■ Data supplied
=== Begin Enclosure ===

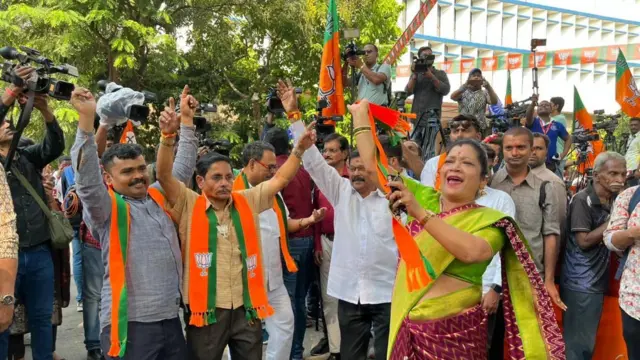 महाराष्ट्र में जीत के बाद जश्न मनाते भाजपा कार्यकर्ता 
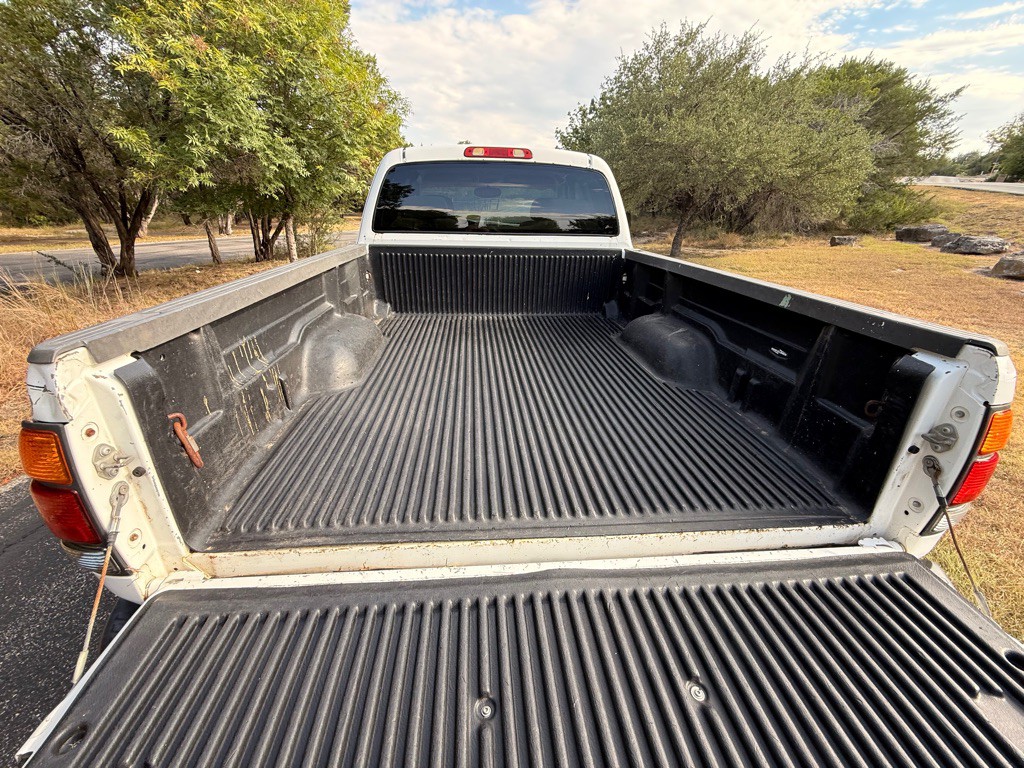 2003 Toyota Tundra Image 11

=== End Enclosure ===
=== Begin Enclosure ===

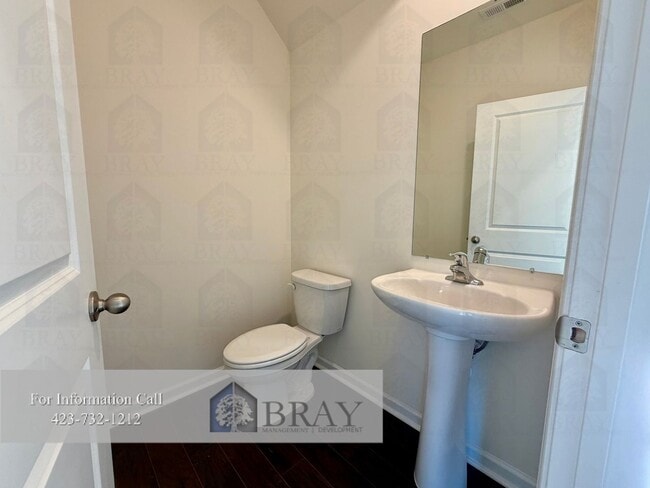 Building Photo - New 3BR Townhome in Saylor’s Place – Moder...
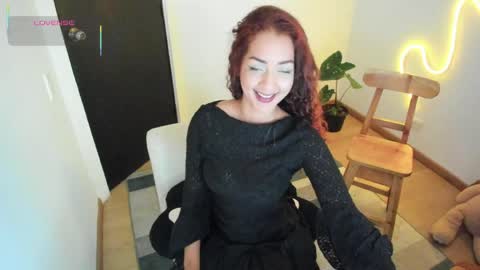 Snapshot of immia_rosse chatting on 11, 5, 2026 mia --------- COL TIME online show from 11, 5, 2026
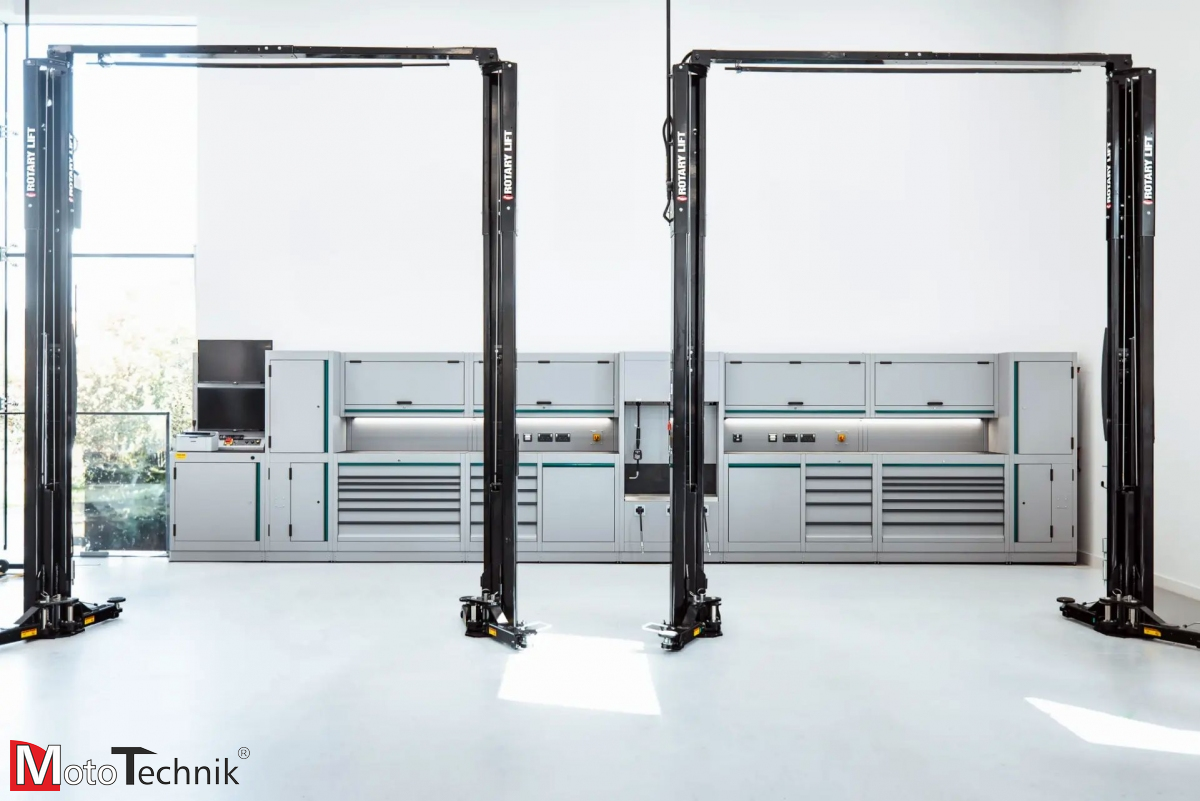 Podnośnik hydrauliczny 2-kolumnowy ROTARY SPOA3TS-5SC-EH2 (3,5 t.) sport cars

=== End Enclosure ===

■ What is being asked
Leave the pictures out. Output, exactly, the lines of the material above starting at the line containing "Building Photo - New" and ending at the line containing "Podnośnik hydrauliczny 2-kolumnowy".

■ Solution to this task
 Building Photo - New 3BR Townhome in Saylor’s Place – Moder...
 Snapshot of immia_rosse chatting on 11, 5, 2026 mia --------- COL TIME online show from 11, 5, 2026
 Podnośnik hydrauliczny 2-kolumnowy ROTARY SPOA3TS-5SC-EH2 (3,5 t.) sport cars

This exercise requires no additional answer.